WWB’s Translator Relay features an interview with a different translator each month. This month’s translator will choose the next interviewee, adding a different, sixth question.
For July’s installment, Sholeh Wolpé passed the baton to Mihaela Moscaliuc. Mihaela was born and raised in Romania. She is the author of the poetry collections Immigrant Model (University of Pittsburgh Press, 2015) and Father Dirt (Alice James Books, 2010), the translator of Carmelia Leonte’s The Hiss of the Viper (Carnegie Mellon University Press, 2015), and the editor of Insane Devotion: On the Writing of Gerald Stern (Trinity University Press, 2016). She is the recipient of a Kinereth Gensler Award from Alice James Books and two Glenna Luschei Awards from Prairie Schooner, residency fellowships from Le Chateau de Lavigny and The Virginia Center for the Creative Arts, an Individual Artist Fellowship from the New Jersey State Council on the Arts, and a Fulbright Scholar fellowship from the United States Department of State.
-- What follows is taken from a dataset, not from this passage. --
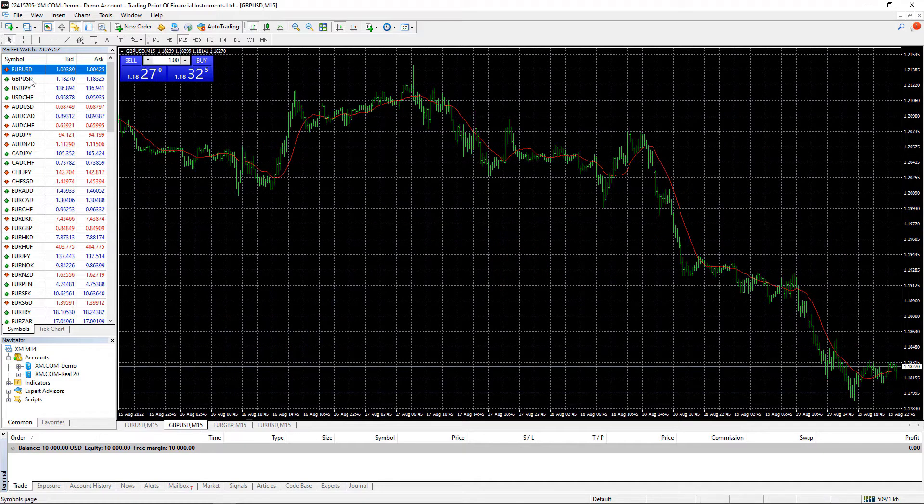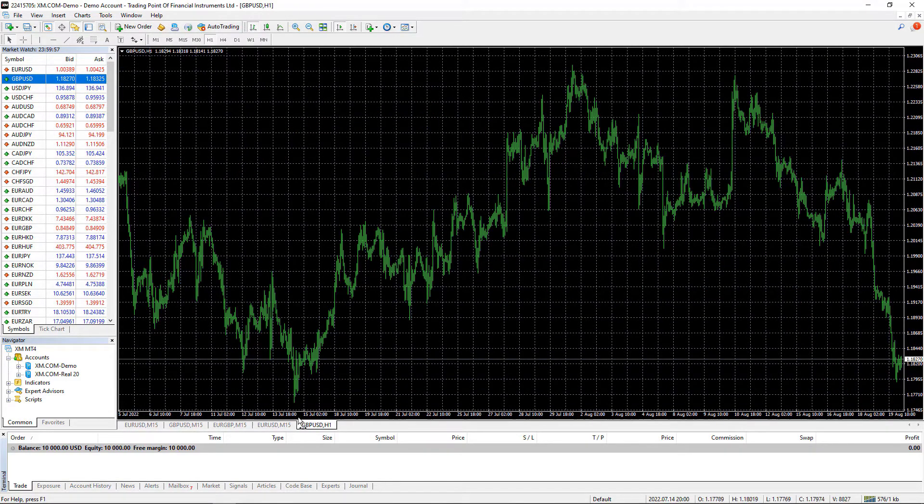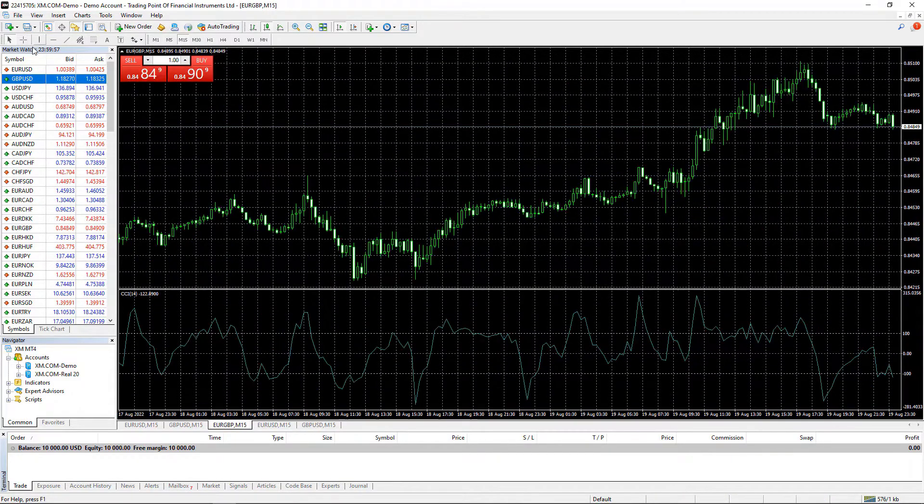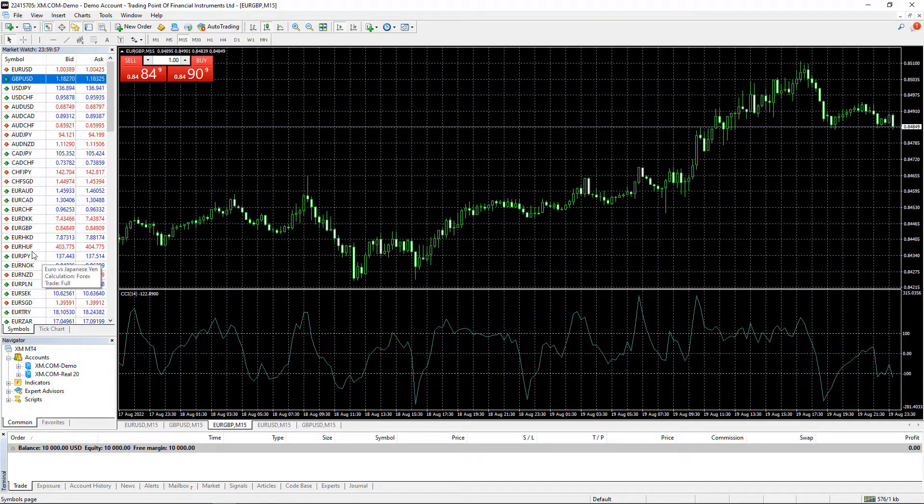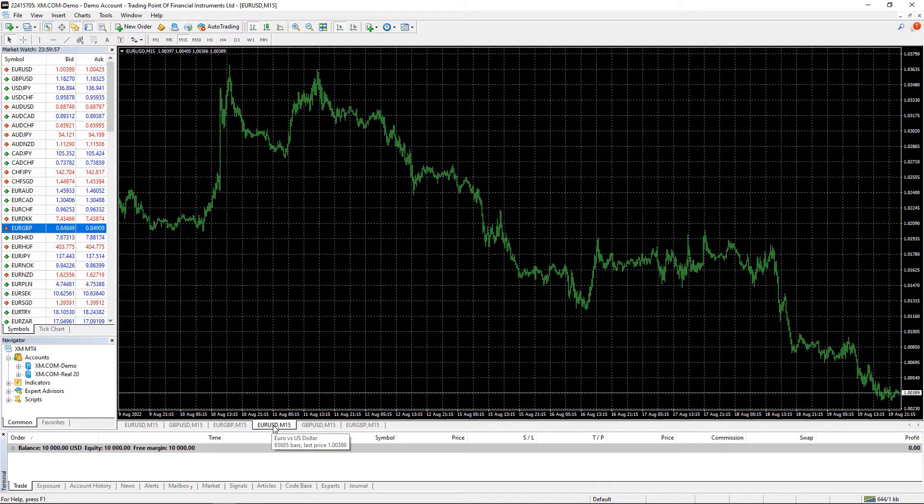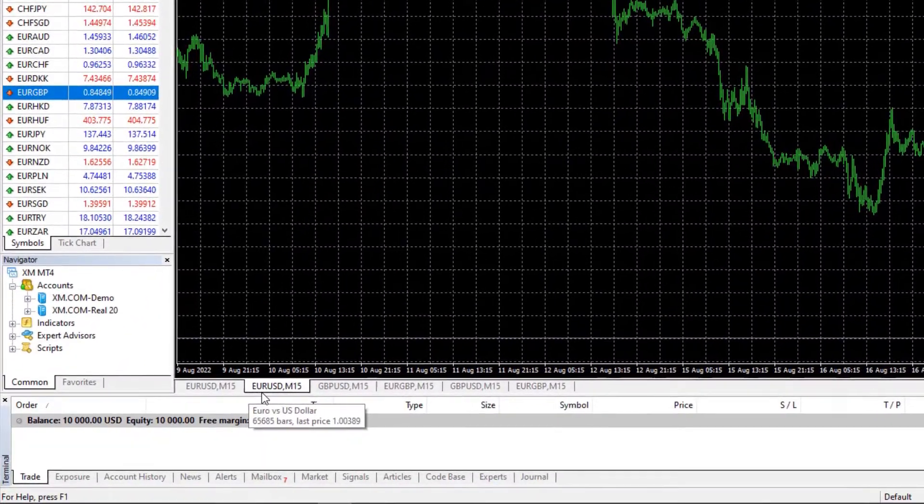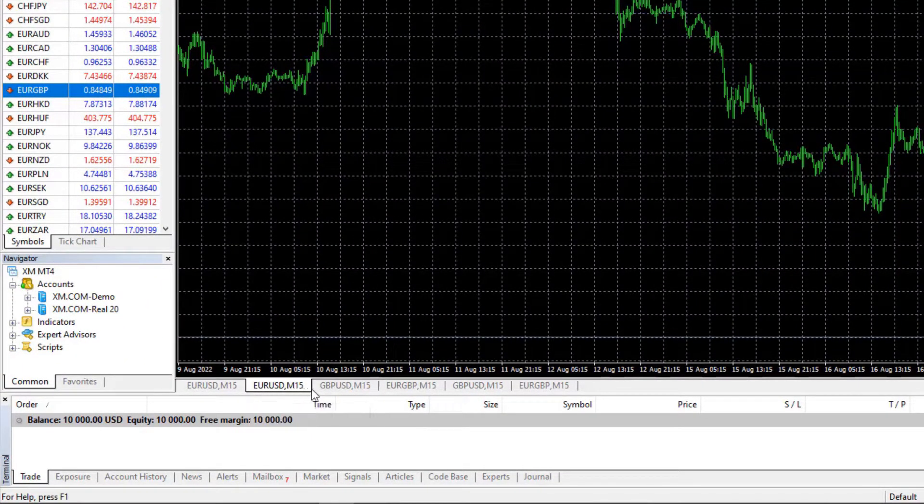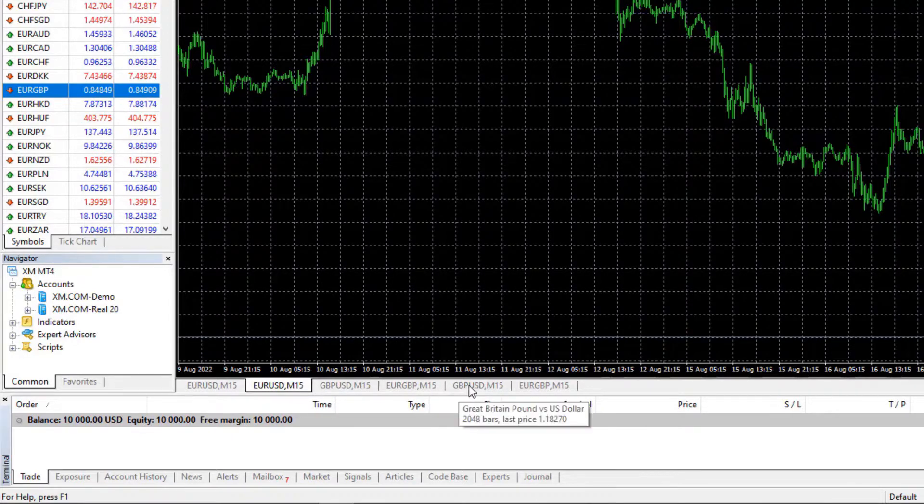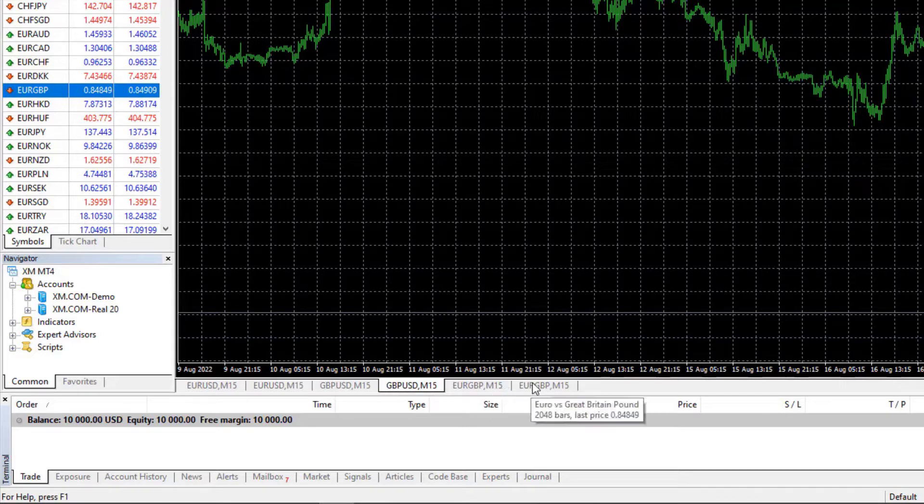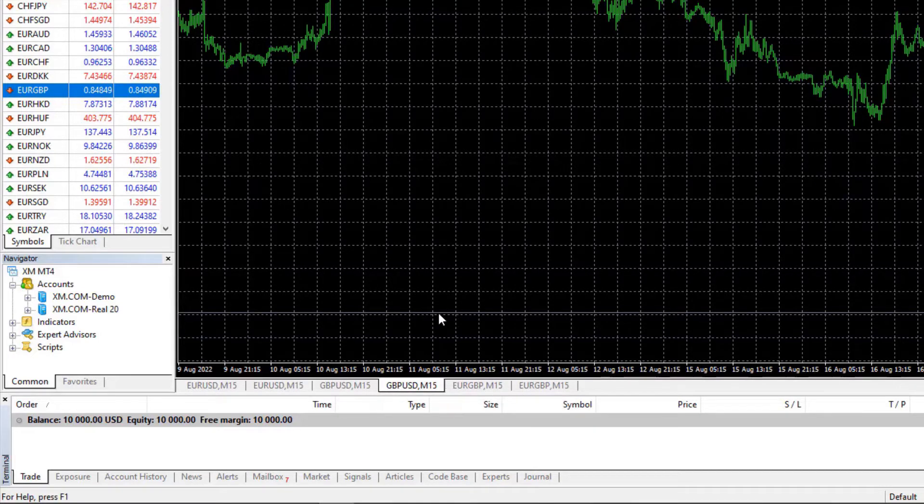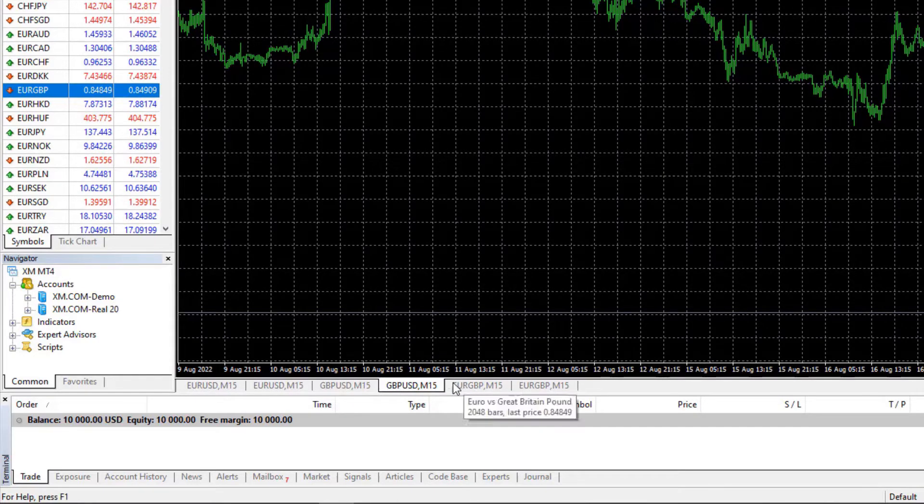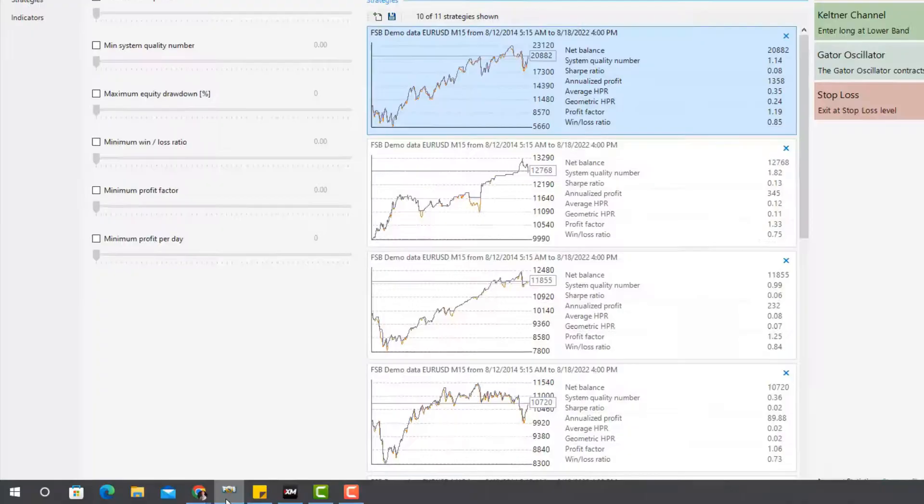Two for GBPUSD on M15 and two for EURGBP on M15. And if you want to have bigger risk diversification, you can go for one strategy EURUSD on M15, the second one on M5 or on H1, and then one GBPUSD on M15, the second one on a different time frame and so on. But for the simplicity of this course, I will stick to two from each pair, two different strategies for the M15 timeframe.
She is assistant professor of English at Monmouth University (New Jersey) and visiting faculty in the low-residency MFA Program in Poetry and Poetry in Translation at Drew University.
What is your connection to the language(s) you translate from and/or the place(s) where the books you translate are written?
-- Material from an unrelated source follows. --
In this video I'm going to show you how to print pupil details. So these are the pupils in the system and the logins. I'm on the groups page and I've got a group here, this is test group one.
The language I translate from, Romanian, is my mother tongue. I was born in northern Romania and lived there for the first twenty-four years. The communist regime was overthrown just before I turned eighteen, so when I started learning English years earlier in middle school, Romania was still a prison in which dreaming was the only freedom. Still, you did not want to dream too hard and set yourself up for despair or insanity, so I did not dare imagine that some day I might travel to an English-speaking country, or even that I would meet a native speaker. English, however, became a lifeline of sorts. I had a teacher who, instead of indoctrinating us with communist ideology as he was supposed to, brought to class records and books he’d purchased on the black market—Bob Dylan, Bruce Springsteen, The Beatles, The Rolling Stones, Janice Joplin, Jimi Hendrix, Leonard Cohen, J. D. Salinger’s The Catcher in the Rye, Joseph Heller’s Catch-22, and William Golding’s Lord of the Flies. I fell in love with the music of the language before I started to care about semantics. Years later, while listening to some of the songs with the lyrics in front of me, I realized I had misheard and mistranslated important verses. In some cases, what I had been carrying with me for years were mondegreens (Dylan’s “Sad-eyed Lady of the Lowlands,” for instance, I had misheard as “Said I’d leave you the loneliness”). Perhaps it was the desire to rescue the beauty of the misapprehensions that led me to my own poetry writing (in English), and the guilt of having misapprehended someone’s words that led me to the art of translation.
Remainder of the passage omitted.